Trail taxpayers can take on no more

This letter refers to the topic of what to do about/with the Old Bridge (re: the survey sent out by the city about replacing the old bridge with a new one and/or making it a foot bridge.

Both of these choices involve a tax hike which will significantly affect each family’s budget.

Thank goodness for Lana Rodlie’s My Turn column in the March 8 issue of the Times (Stop Studying and Just Fix the Old Bridge)! Her pragmatic and sensible assessment of the whole ‘bridge question’ reflected exactly what I feel.

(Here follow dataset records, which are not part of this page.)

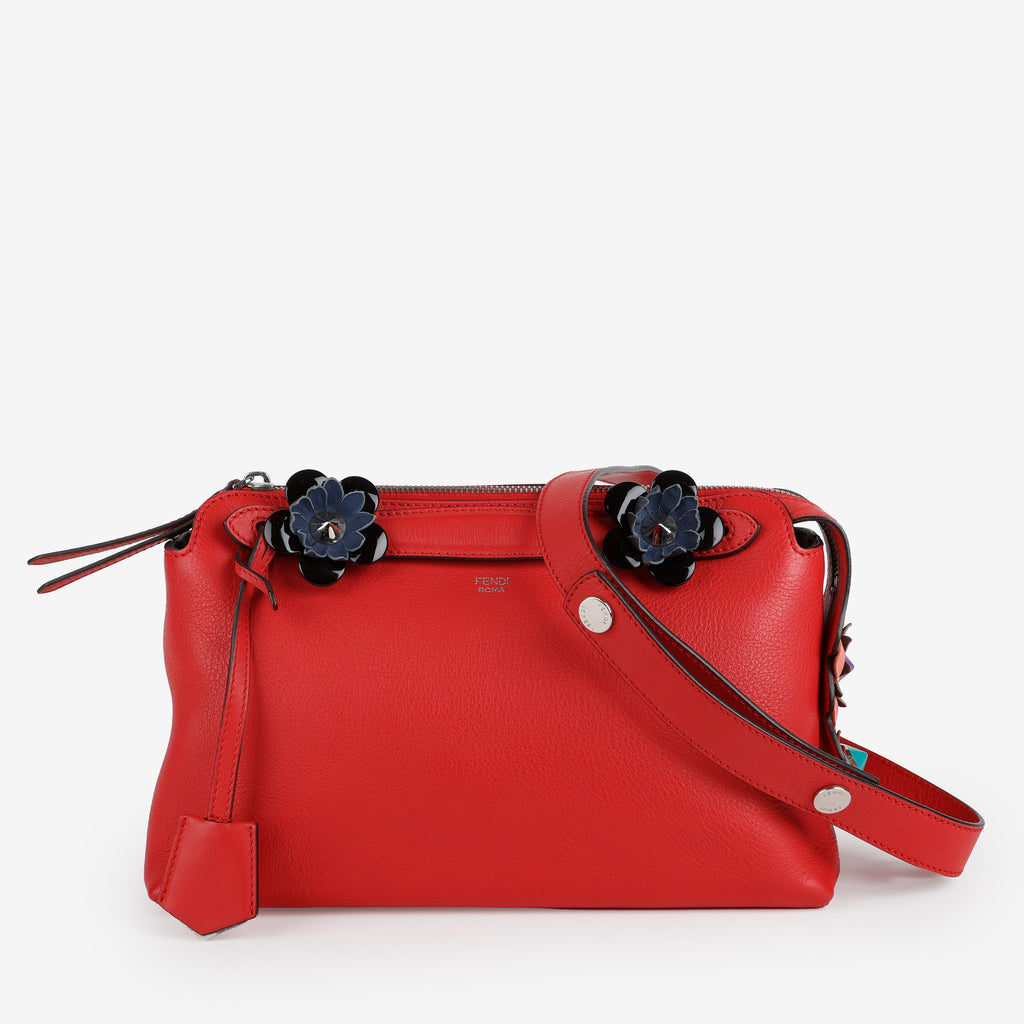 Small By the Way, Red w/Navy Flowers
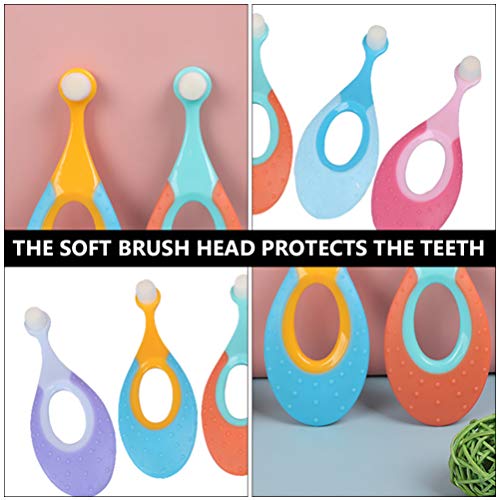 ULTECHNOVO 2Pcs Bebê Escova De Silicone Escova de Dentes Primeiro Com Molar Anel Crianças Escova de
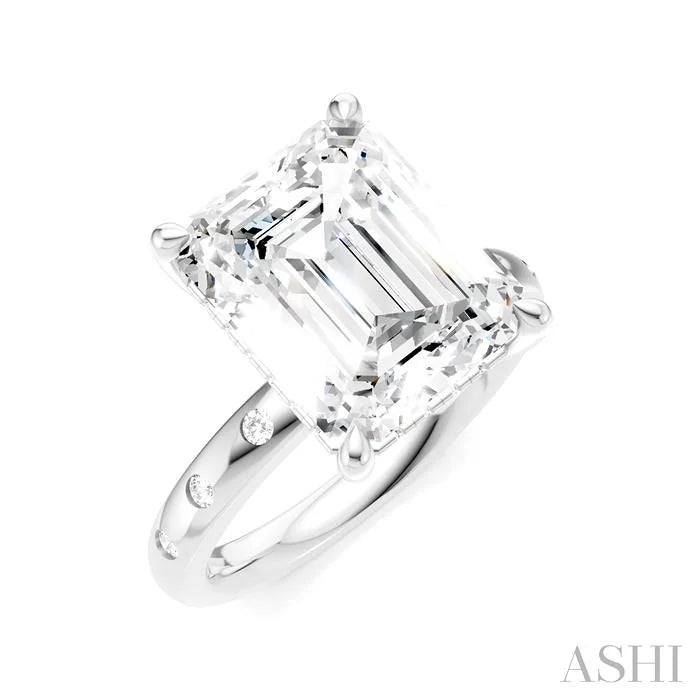 Emerald Shape Semi-Mount Diamond Engagement Ring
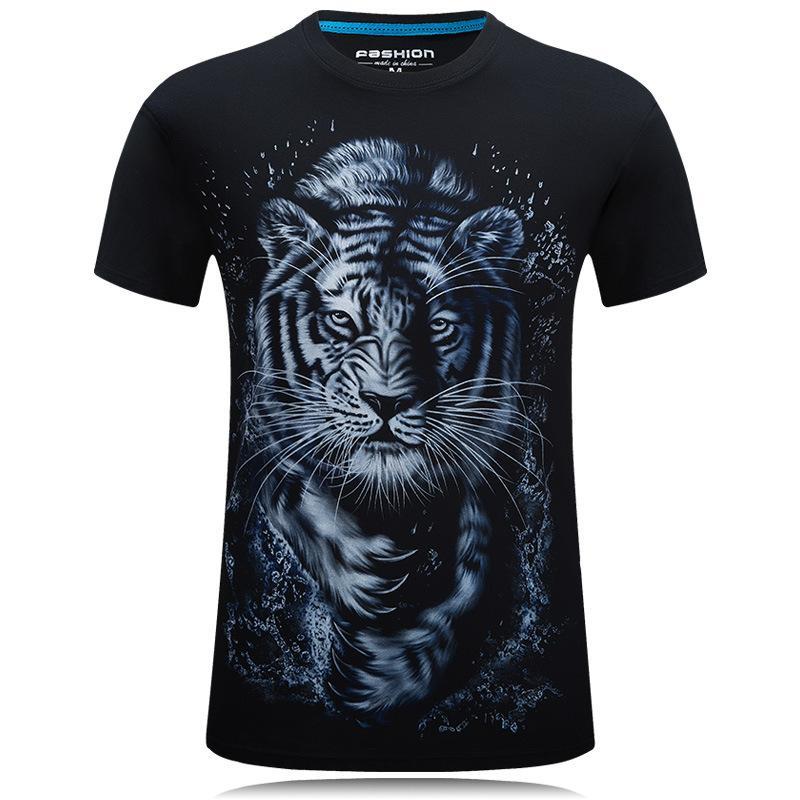 Camisa de manga corta con tigre blanco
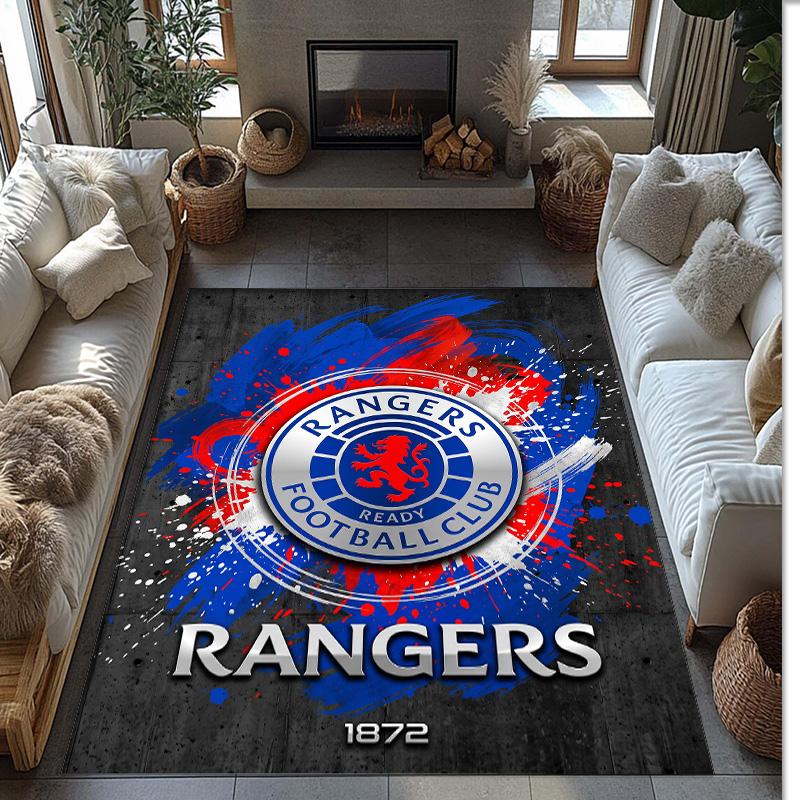 Tappeto Morbido per Area Calcio Rangers FC con Motivo Calcio, Antiscivolo, Tappeto per Pavimento Interno, Tappetino Decorazione Sportiva per Camera da Letto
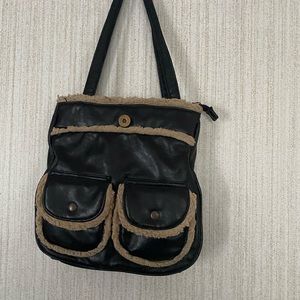 Black pocketbook with fur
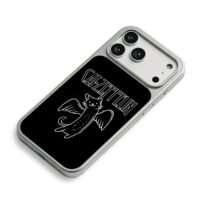 Cat Zeppelin text and winged black cat doodle Phone Case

She mentioned her husband, Dan’s suggestion of making the bridge secure to be used as a foot bridge, doing it in a manner that’s financially acceptable to the taxpayers, AND using it in its re-purposed condition as a tool to encourage visitors to Trail. (My thought: we’d also be reaping the notoriety that accompanies what could be Guinness Book of Records here – the world’s longest suspended pedestrian/bike bridge . . . and that’s an advantage that should be taken.)

I’m involved with Communities in Bloom and through interactions at meetings with Dan Rodlie, I’ve learned that Dan’s brain seldom ‘stays within the box’ if he’s dealing with a challenge. His mind quests and investigates every angle of a situation. When ‘things’ come up (thanks to the Internet) that will affect the world’s perception of our city, that competitive spirit of his kicks into gear. Dan does his homework and if he says we’d have the world’s longest elevated pedestrian-only bridge, I believe it.

Now he has my brain going! Gardens – colourful and beautifully designed, at each end of the bridge. Maybe a ‘destination place’ could await the visitor: a unique/quaint/unusual tea, coffee and desserts place – (exquisite Italian desserts, I’d suggest). Or an information centre/tea, coffee and exquisite pastries. Or a specialty shop.

Think about possibilities! (Oh I wish we could put a new museum around there!) Please, your input is vital and will be appreciated. The more minds, the more imagination, and the wider choice of options.

As Lana says, there’s no need for the amount of money city hall presented for the repairs. All choices of repairs have not been explored.

Many of us seldom use or need that bridge, in either of its possible uses.

But our area needs the money that tourists would spend to come visit our unique bridge – and our covered stairs and the unbelievable rock walls: gift stores, gas stations, hotel/motels, clothing shops, antiques, restaurants offering cuisines from all over the world – they’d all benefit. This could be a big time boost to our area’s economy!

The ball’s in your court. City Hall said it would honour the taxpayers’ wishes — give them this as your choice: a footbridge that’s safe (for more than a decade) but that doesn’t cost the taxpayers an inordinate increase in their taxes for 30 years.

If our mayor and council get enough feedback encouraging them to find a less expensive way to make the bridge useful AND able to act as a driver of extra dollars being spent in our city, I feel certain they’ll accept that challenge and find the solution.

It takes only a minute: if you don’t feel able to word a letter stating this alternative or are too busy to do it, cut out this letter to the editor and mail it to City Hall. Sign it somewhere if you wish – the city needs to know that it’s coming from a taxpayer whose been asked for his/her opinion. If enough of this ‘cut-out-letter’ gets to City Hall, I’m certain that an alternate more affordable solution will be found.

This is our chance to be involved in something that could cripple us as taxpayers – with the side benefit of bringing in tourists to enjoy our culture and the beauty of our city. Win-win!